Bilan final : « 5x2 » = 0 pointé. Un film « sans » que je vous déconseille, doté d’une excellente B.O entraînante et envoûtante que par contre je vous recommande vivement.

Nathalie Debavelaere

 

3°)AVIS : POUR

Il y a quelque chose de pourri au royaume d'Ozon. Un royaume peuplé d'hommes des bois, d'amants meurtriers et d'identités transparentes. Mais il s'agira à chaque film d'une substance dense et épaisse que le réalisateur voudra traiter. Après "Swimming Pool", revirement de direction pour François Ozon qui n'a pas finit de nous foudroyer. Avec "5x2", il se propose de narrer, d'analyser cinq moments, cinq épisodes de la vie d'un couple.

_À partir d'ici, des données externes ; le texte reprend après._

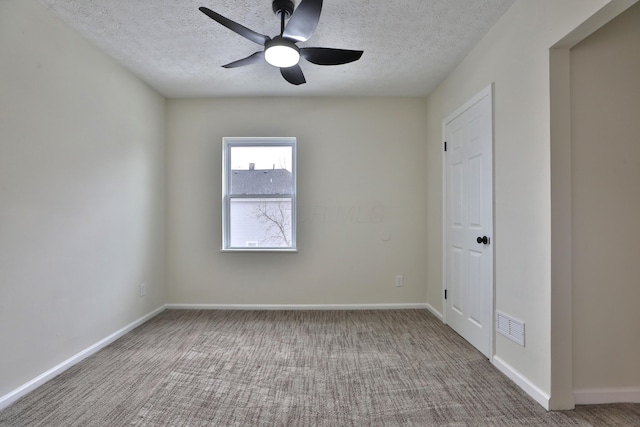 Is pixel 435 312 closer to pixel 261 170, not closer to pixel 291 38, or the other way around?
pixel 261 170

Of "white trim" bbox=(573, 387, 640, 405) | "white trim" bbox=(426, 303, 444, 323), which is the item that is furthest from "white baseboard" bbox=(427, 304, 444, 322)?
"white trim" bbox=(573, 387, 640, 405)

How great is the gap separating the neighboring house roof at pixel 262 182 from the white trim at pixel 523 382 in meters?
2.68

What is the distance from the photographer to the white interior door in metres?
2.52

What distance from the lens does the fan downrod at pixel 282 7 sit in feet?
6.86

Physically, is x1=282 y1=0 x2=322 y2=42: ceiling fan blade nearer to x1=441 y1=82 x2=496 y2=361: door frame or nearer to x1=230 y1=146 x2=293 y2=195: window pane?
x1=441 y1=82 x2=496 y2=361: door frame

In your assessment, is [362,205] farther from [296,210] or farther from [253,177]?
[253,177]

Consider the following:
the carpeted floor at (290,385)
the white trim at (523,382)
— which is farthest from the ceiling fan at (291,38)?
the white trim at (523,382)

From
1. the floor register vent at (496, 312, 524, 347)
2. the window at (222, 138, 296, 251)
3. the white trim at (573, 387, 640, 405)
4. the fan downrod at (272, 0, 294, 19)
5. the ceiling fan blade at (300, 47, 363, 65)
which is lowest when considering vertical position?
the white trim at (573, 387, 640, 405)

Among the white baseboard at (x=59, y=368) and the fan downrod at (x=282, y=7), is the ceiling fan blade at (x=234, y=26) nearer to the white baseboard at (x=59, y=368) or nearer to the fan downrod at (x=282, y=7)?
the fan downrod at (x=282, y=7)

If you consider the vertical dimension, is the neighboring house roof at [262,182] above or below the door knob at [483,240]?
above

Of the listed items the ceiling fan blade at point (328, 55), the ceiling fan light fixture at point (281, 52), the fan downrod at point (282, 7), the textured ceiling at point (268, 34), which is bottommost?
the ceiling fan light fixture at point (281, 52)

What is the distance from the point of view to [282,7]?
83.4 inches

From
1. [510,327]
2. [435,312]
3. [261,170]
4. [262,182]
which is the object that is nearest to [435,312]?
[435,312]

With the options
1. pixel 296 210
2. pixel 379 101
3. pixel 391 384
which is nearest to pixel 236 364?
pixel 391 384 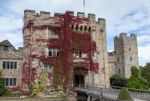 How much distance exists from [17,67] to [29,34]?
16.6ft

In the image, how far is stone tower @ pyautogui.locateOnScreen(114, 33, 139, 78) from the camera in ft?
192

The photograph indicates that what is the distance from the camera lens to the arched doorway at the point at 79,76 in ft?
144

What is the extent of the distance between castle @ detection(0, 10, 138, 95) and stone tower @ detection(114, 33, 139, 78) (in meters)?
13.9

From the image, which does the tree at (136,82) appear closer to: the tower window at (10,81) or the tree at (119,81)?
the tree at (119,81)

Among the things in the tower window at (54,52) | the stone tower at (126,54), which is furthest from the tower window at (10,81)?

Mise à part l'alchimie fulgurante entre Valéria Bruni-Tedeschi et Stéphane Freiss, Ozon saisit à plusieurs reprises le spectateur au poignet et l'asséne de tensions brutes de décoffrage. Des tensions homme/femme qu'il expose à travers cinq moments-clés du couple. A commencer d'abord par une scène de viol qui annonce de façon cinglante la problèmatique conjuguale qu'il va falloir aborder. Plus on recule dans le temps, plus on se rend compte que le couple était déjà difforme et que la séparation était amorcée bien avant l'union des deux êtres. Tromperie, mensonge, jalousie et souffrance, serait-ce donc la recette du couple de nos jours pour Ozon ? Une question à prendre avec des pincettes. Car "5x2" restreint le champ d'action d'Ozon tout en lui donnant une liberté totale. On ne voit qu'un couple en souffrance. Un couple parmi d'autres. Mais voilà, le réalisateur se pose en maître et c'est donc sa façon d'analyser, de voir l'histoire de Marie, de Gilles et un enfant, que l'on voit à l'écran. Leur histoire, teintée de rose et de souffre. Leur histoire, et pas une autre.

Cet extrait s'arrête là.